== Segment start ==
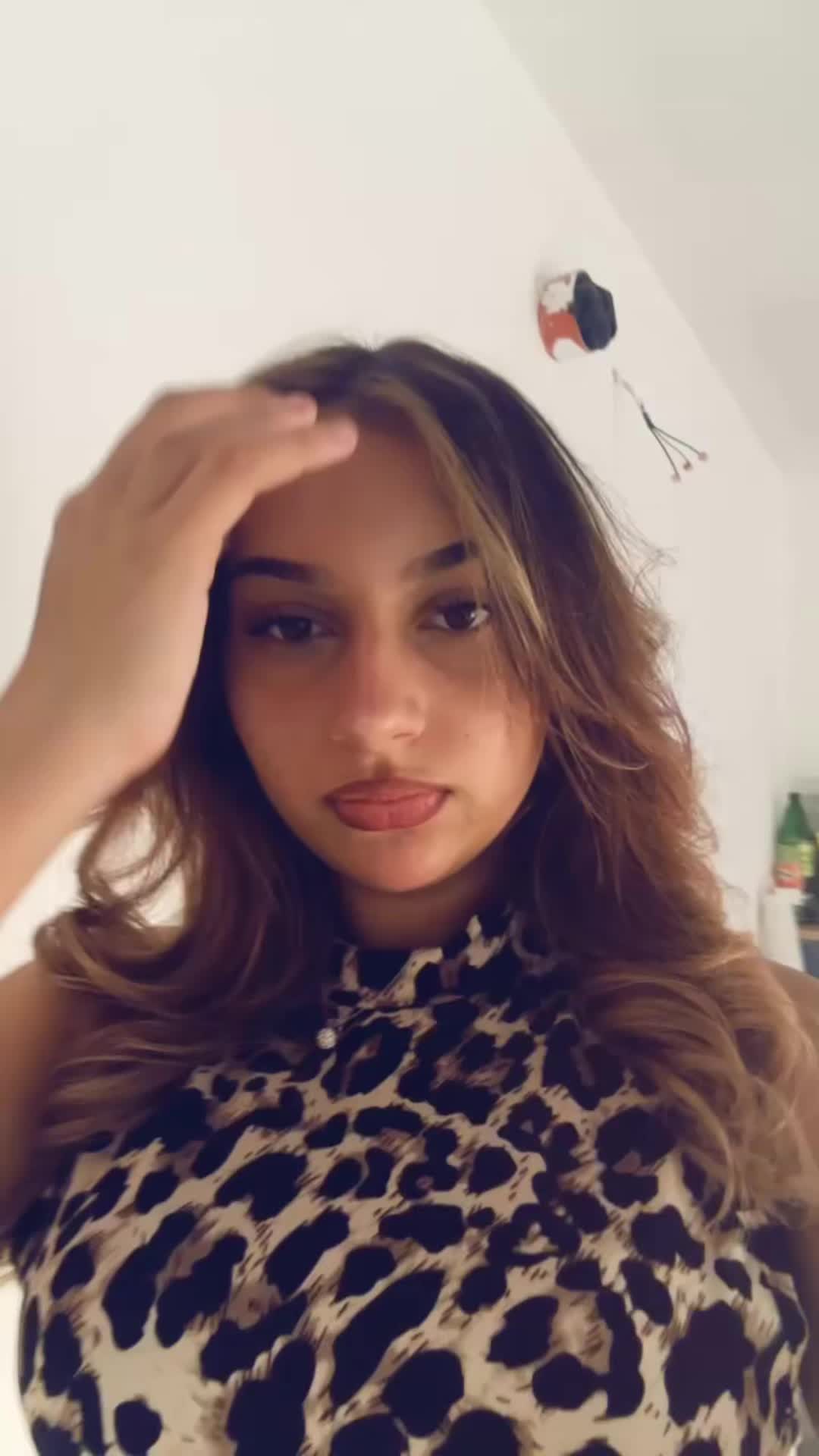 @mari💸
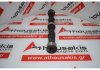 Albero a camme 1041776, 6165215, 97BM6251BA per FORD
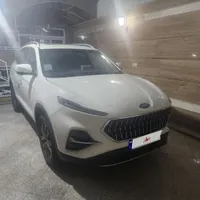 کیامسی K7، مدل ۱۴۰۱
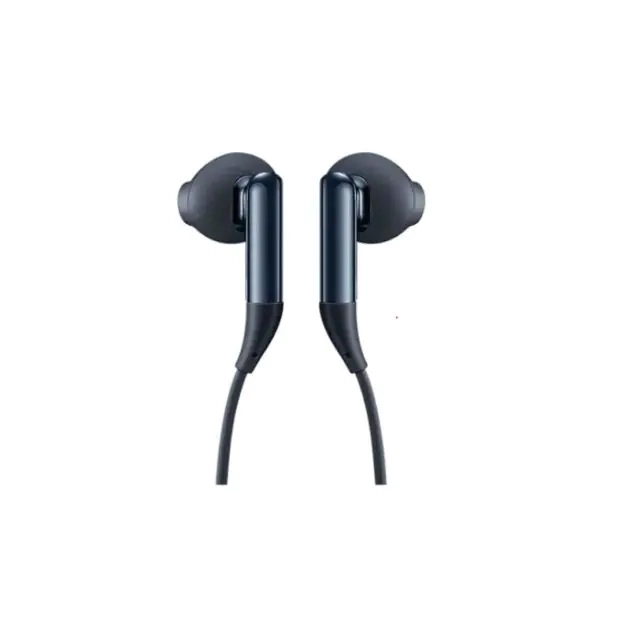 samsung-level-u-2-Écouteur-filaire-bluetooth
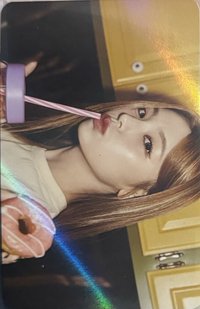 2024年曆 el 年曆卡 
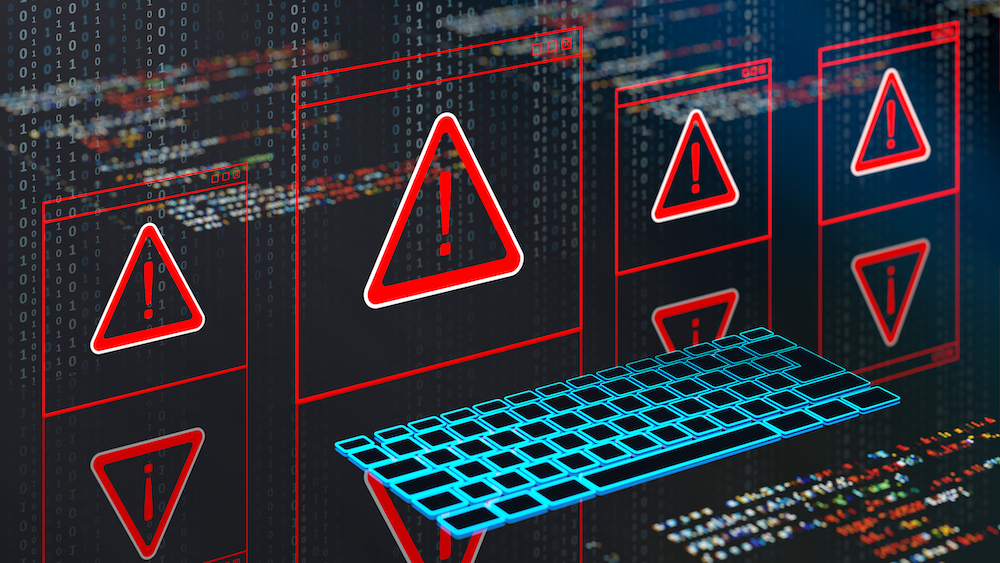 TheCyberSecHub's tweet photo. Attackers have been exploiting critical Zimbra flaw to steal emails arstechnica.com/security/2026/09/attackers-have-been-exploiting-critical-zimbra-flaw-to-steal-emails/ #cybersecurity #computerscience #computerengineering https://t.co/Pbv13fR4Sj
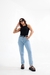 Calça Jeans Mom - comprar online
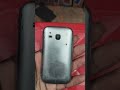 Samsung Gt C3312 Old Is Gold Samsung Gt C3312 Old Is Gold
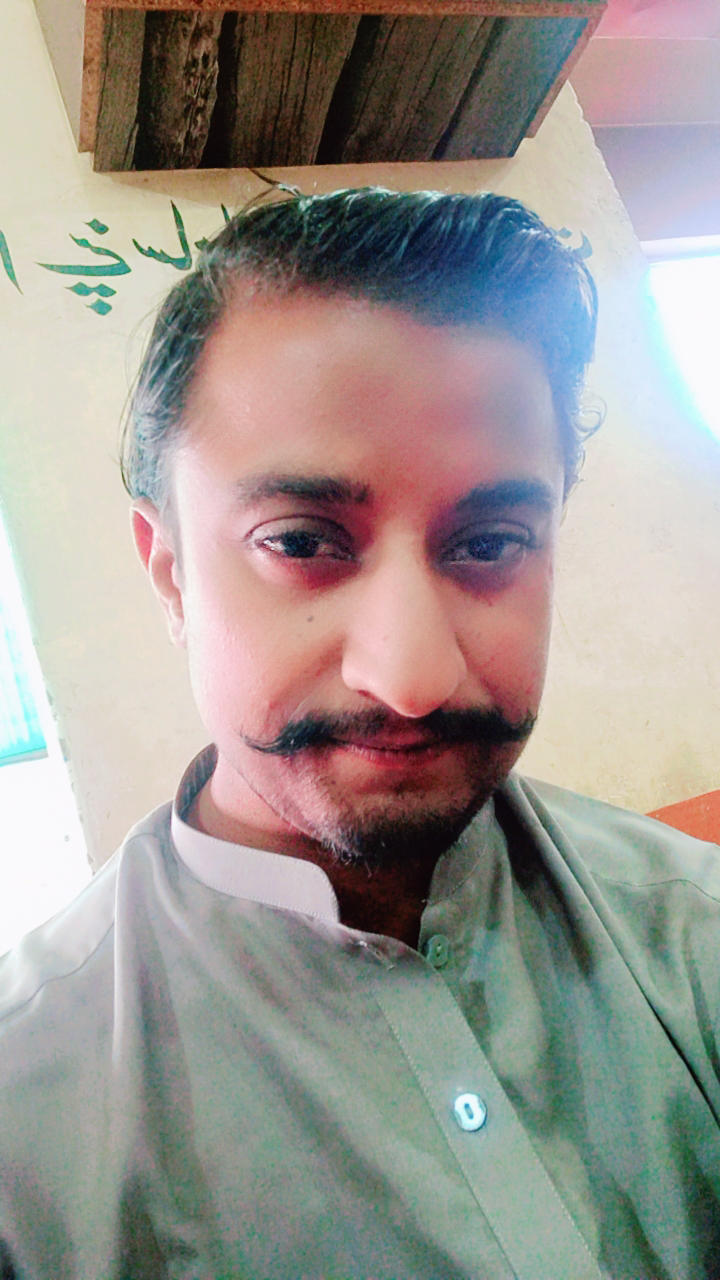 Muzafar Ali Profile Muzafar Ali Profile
== Segment end ==
== Segment start ==
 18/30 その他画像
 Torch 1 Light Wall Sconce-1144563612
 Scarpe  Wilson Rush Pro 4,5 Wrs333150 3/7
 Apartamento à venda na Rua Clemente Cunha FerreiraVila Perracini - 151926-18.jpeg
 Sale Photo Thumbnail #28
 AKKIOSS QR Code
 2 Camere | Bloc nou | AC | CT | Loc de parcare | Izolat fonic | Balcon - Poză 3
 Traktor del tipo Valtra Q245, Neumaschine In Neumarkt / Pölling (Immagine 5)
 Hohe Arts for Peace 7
== Segment end ==
Above are the records. Copy only the lines from the one with "2024年曆 el 年曆卡" through the one with "Muzafar Ali Profile Muzafar Ali Profile", exactly, with no pictures.

● **RESPONSE TO THIS TASK**
 2024年曆 el 年曆卡 
 TheCyberSecHub's tweet photo. Attackers have been exploiting critical Zimbra flaw to steal emails arstechnica.com/security/2026/09/attackers-have-been-exploiting-critical-zimbra-flaw-to-steal-emails/ #cybersecurity #computerscience #computerengineering https://t.co/Pbv13fR4Sj
 Calça Jeans Mom - comprar online
 Samsung Gt C3312 Old Is Gold Samsung Gt C3312 Old Is Gold
 Muzafar Ali Profile Muzafar Ali Profile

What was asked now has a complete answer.